Je vous présente mon programme, initialement prévu pour l'ubuntu feisty, mais qui fonctionne aussi sous gentoo :

http://forum.ubuntu-fr.org/viewtopic.php?id=137609

Le seul soucis est que l'outil super pratique, nautilus-action, n'est toujours pas dans portage. Le programme fonctionne sans, mais c'est réellement plus pratique d'avoir l'option directement dans le menu contextuel, sans avoir à fouiller le sous-menu "scripts".

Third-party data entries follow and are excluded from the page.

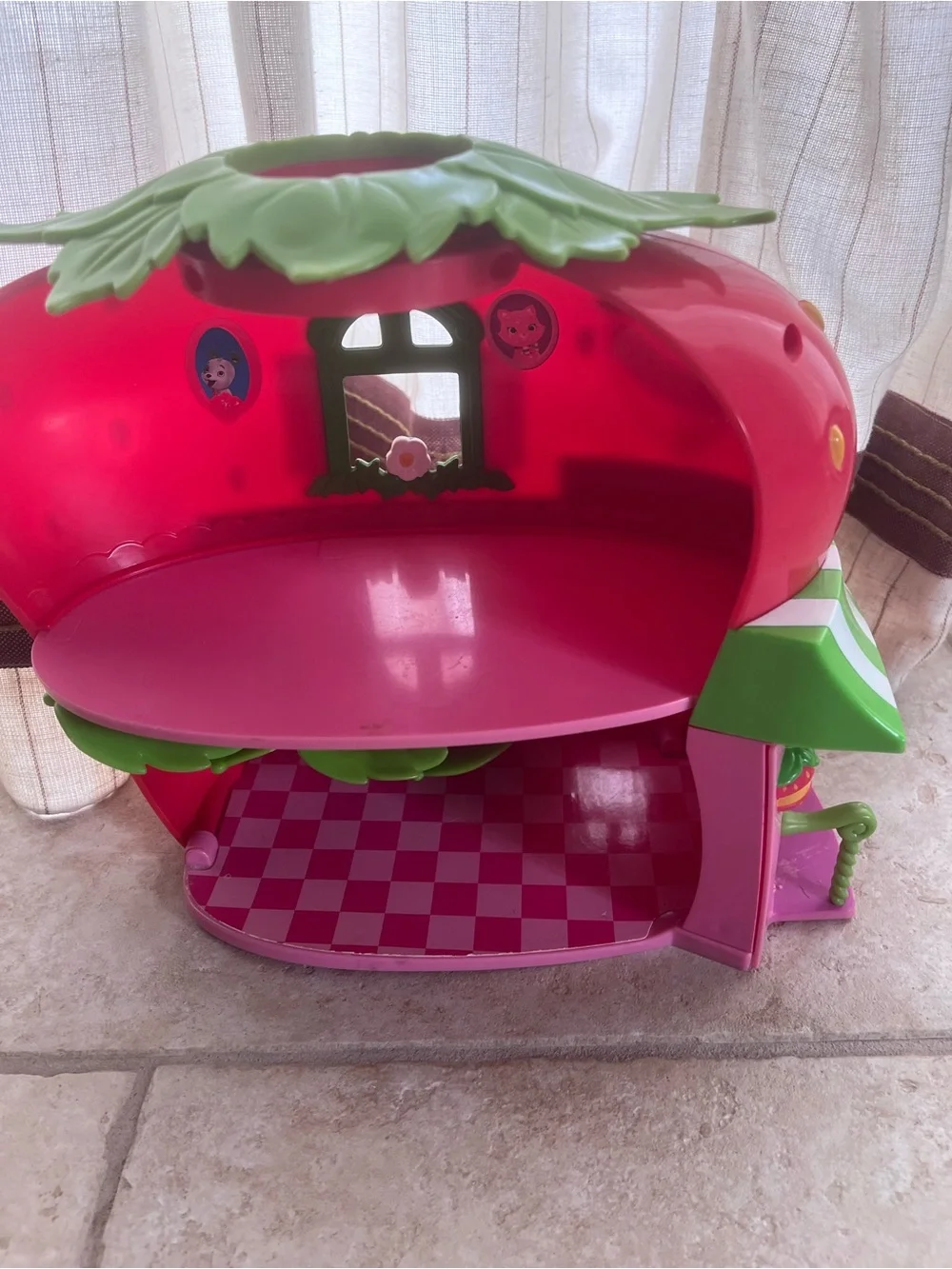 Strawberry Shortcake Whirly Bird Berry Cafe House Hasbro 2008 as is
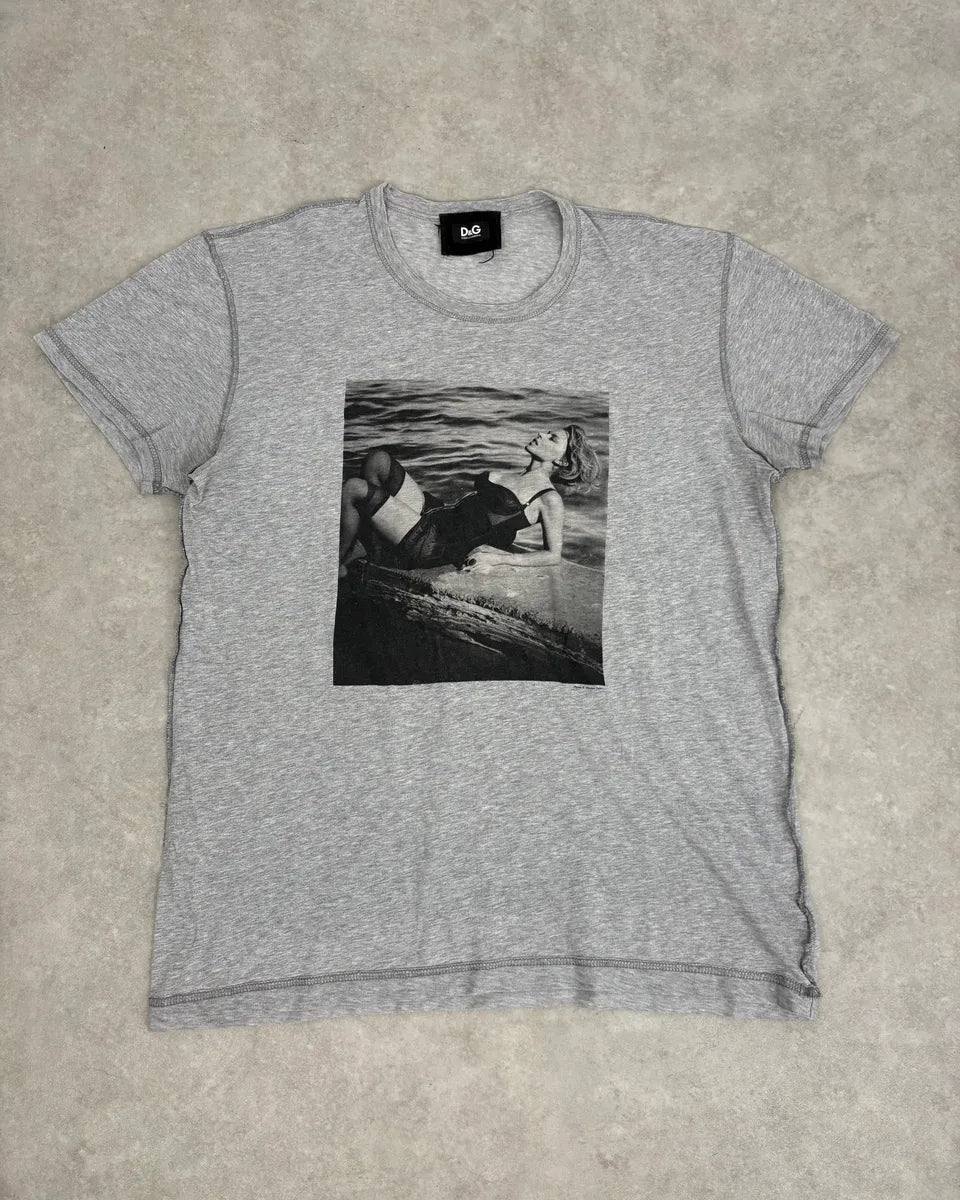 2000s Dolce & Gabbana Grey Sunbathing Poolside T-Shirt CYtqxPe 2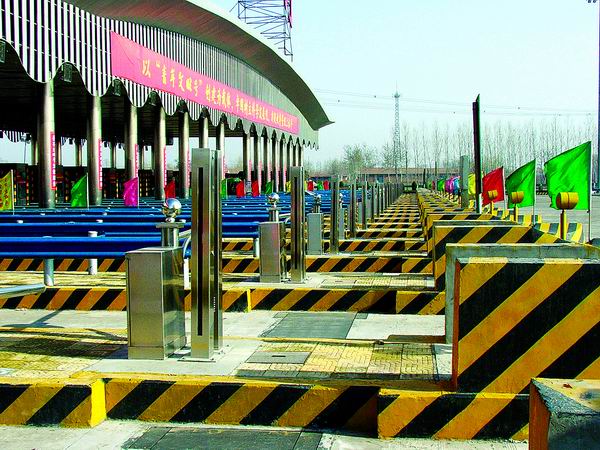 濟南金鐘:計重收費、超限檢測系統(tǒng)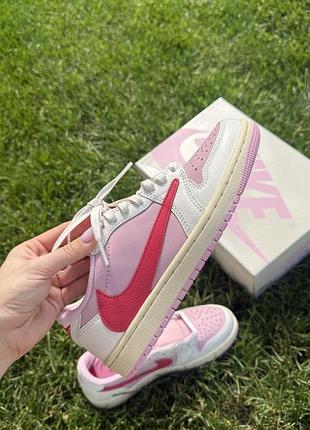 Air jordan x travis scott 1 low retro “tropical pink”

De plus, j'ai encore un petit soucis avec thunderbird v2.0

----------

## Magic Banana

Je suppose que tu connais nautilus-image-converter (qui ne semble pas être non plus dans Portage mais qui est dans Debian/Fedora/...  :Evil or Very Mad:  ). Ces deux programmes étant assez similaires dans leur esprit (tu ajoutes le lien avec le client mail, ils ajoutent la rotation), peut-être pourrais-tu contacter les auteurs pour fusionner vos codes.

----------

## razer

 *Magic Banana wrote:*   

> Je suppose que tu connais nautilus-image-converter (qui ne semble pas être non plus dans Portage mais qui est dans Debian/Fedora/...  ). Ces deux programmes étant assez similaires dans leur esprit (tu ajoutes le lien avec le client mail, ils ajoutent la rotation), peut-être pourrais-tu contacter les auteurs pour fusionner vos codes.

 

Oui, mais :

1. Leur projet est en C : le mien est en perl

2. Ils utilisent imagemagik, ce que je trouve assez bourrin compte tenu du fait que pour simplement redimensionner des images, imlib2 est nettement plus léger et rapide...

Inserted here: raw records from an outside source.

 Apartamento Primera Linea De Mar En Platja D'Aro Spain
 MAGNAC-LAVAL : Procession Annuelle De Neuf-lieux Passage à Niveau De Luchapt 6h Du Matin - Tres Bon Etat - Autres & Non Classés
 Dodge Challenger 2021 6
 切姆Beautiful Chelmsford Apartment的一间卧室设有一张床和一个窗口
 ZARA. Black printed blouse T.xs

De plus nos projets ont quand même une finalité différente

Merci quand même

----------

## Magic Banana

Désolé j'ai fait un peu vite le rapprochement sans prendre en compte ces aspects techniques importants.Au fait... merci beaucoup pour ton travail !

----------

## gglaboussole

Merci beaucoup razer pour ton programme, j'ai installé une ubuntu à mon pater en dual boot pour essayer de le convertir au libre il y a quelques temps (il a 70 ans et Gentoo c'était peut être un peu trop pour lui !) et il n'a jamais été fichu de m'envoyer des photos par mail avec son windows et de comprendre la notion de compression ( genre la photo de 100 mega) et avec ton soft c'est un jeu d'enfant...un grand merci pour ton travail   :Wink: 

Je partage ton regret pour nautilus-actions, c'est vraiment dommage qu'il ne soit pas dans portage car c'est vraiment un outil très pratique pour ajouter des fonctions dans son menu contextuel

----------